Reputation: 4008
I want to create an SQL query by concatenating strings but with conditions.
qs_str= 'Select *, from items ...'
The conditions:
if active:
qs_str = ' '.join([qs_str, f'WHERE active=true'])
if is_parent:
qs_str = ' '.join([qs_str, f'WHERE parent=true'])
if limit:
qs_str = ' '.join([qs_str, f'WHERE LIMIT={limit}'])
.....
There is not really a fixed limit on how many conditions will be.
The issue is the WHERE
clause, should be added only once(or not if there is no condition) and how to add AND
, to know if a condition is already in place.
Because there is no theoretically limit for the number of conditions I can't
using combinatorics ifs
like(if is_active and is_parent
) is not a solution.
Upvotes: 0
Views: 31
Reputation: 1060
You can collect the conditions in a list, and then only append the "where" clause if the list is non-empty.

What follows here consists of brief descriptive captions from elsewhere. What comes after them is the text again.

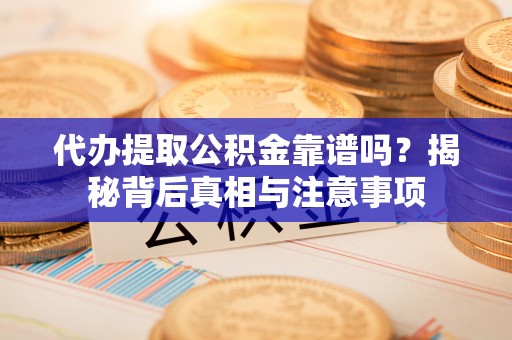 蜀山代办提取公积金靠谱吗？揭秘背后真相与注意事项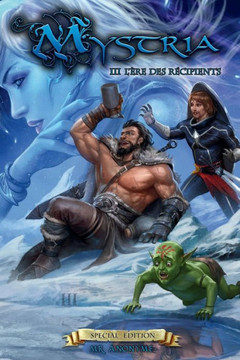 Mystria: Tome 3 - L'ère des Récipients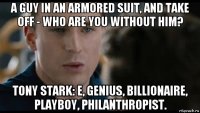 a guy in an armored suit, and take off - who are you without him? tony stark: e, genius, billionaire, playboy, philanthropist.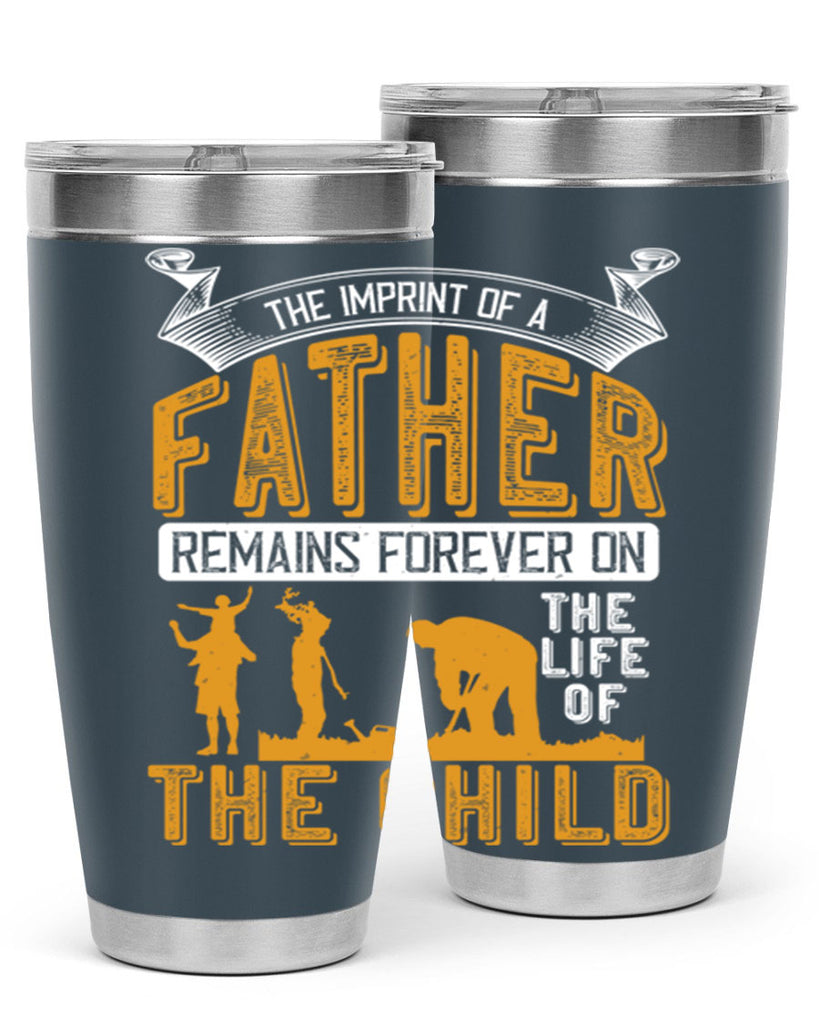 the imprint of a father remains forever on the life of the child 163#- fathers day- Tumbler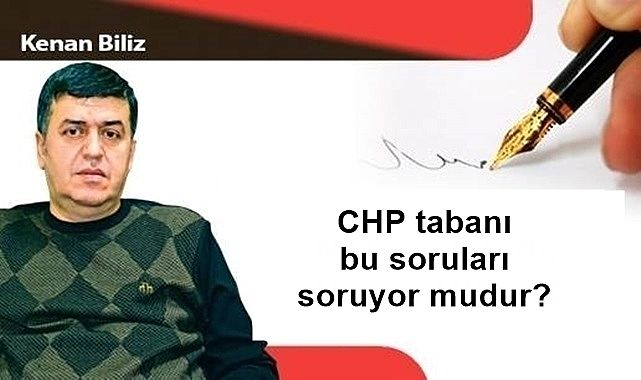 CHP tabanı bu soruları soruyor mudur?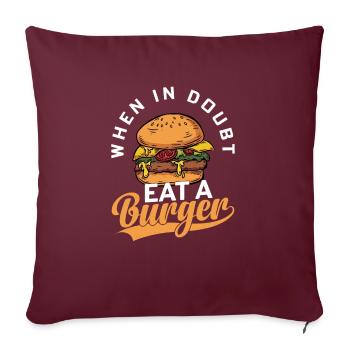 When In Doubt Eat A Burger Hamburger Food Meat Bun - Sofakissenbezug 45 x 45 cm - Burgunderrot - Vorne
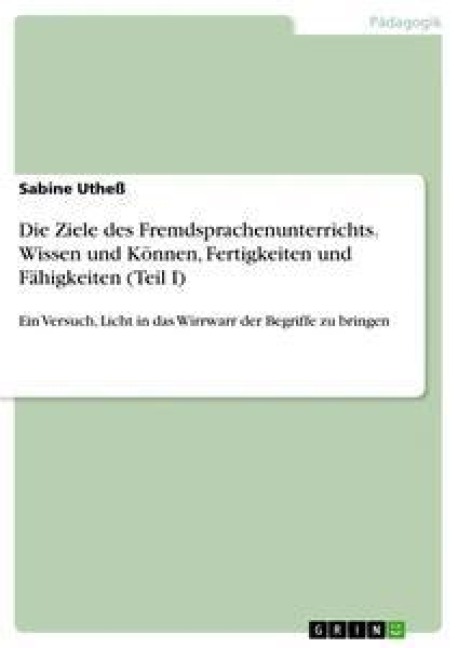 Die Ziele des Fremdsprachenunterrichts. Wissen und Können, Fertigkeiten und Fähigkeiten (Teil I) - Sabine Utheß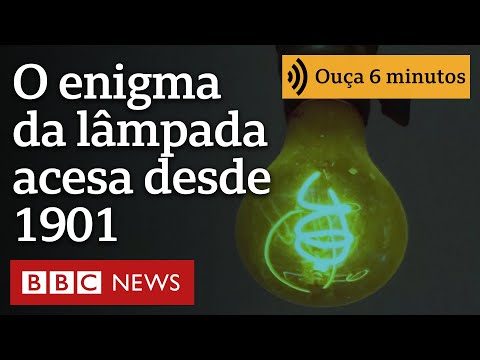 O enigma da lâmpada que funciona desde 1901 | Ouça 6 minutos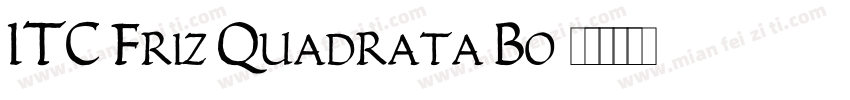 ITC Friz Quadrata Bo字体转换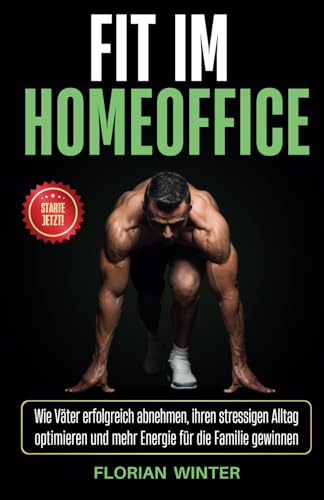 Fit im Homeoffice: Wie Väter abnehmen, ihren stressigen Alltag optimieren und mehr Energie für die Familie gewinnen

Use ' and '.join(conditions)
to easily handle adding "and" exactly as needed.
def create_item_query(active=True, is_parent=True, limit=10):
qs_str= 'select * from items'
conditions = []
if active:
conditions.append('active=true')
if is_parent:
conditions.append('parent=true')
if limit:
conditions.append('LIMIT={limit:d}'.format(limit=limit))
if conditions:
qs_str += 'where ' + ' and '.join(conditions)
return qs_str
print(create_item_query(True, True, 10))
print(create_item_query(True, False, None))

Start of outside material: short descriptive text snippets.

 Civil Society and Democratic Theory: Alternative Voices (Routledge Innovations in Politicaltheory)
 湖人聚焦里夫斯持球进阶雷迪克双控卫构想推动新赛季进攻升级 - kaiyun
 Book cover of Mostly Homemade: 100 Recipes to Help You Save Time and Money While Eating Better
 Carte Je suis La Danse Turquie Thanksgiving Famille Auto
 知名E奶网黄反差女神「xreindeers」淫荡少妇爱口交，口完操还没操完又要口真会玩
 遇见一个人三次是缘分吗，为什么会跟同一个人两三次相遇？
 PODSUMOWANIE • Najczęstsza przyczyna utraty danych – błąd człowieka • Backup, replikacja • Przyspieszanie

print(create_item_query(False, False, None))
Edit: I should point out that, as Patrick Artner mentioned in his comment, that it's not actually a good practice to build SQL queries as a string, due to the danger of SQL injection. The precise way on how to create your queries would then depend on the exact SQL library that you're using (a popular tool is SQLAlchemy).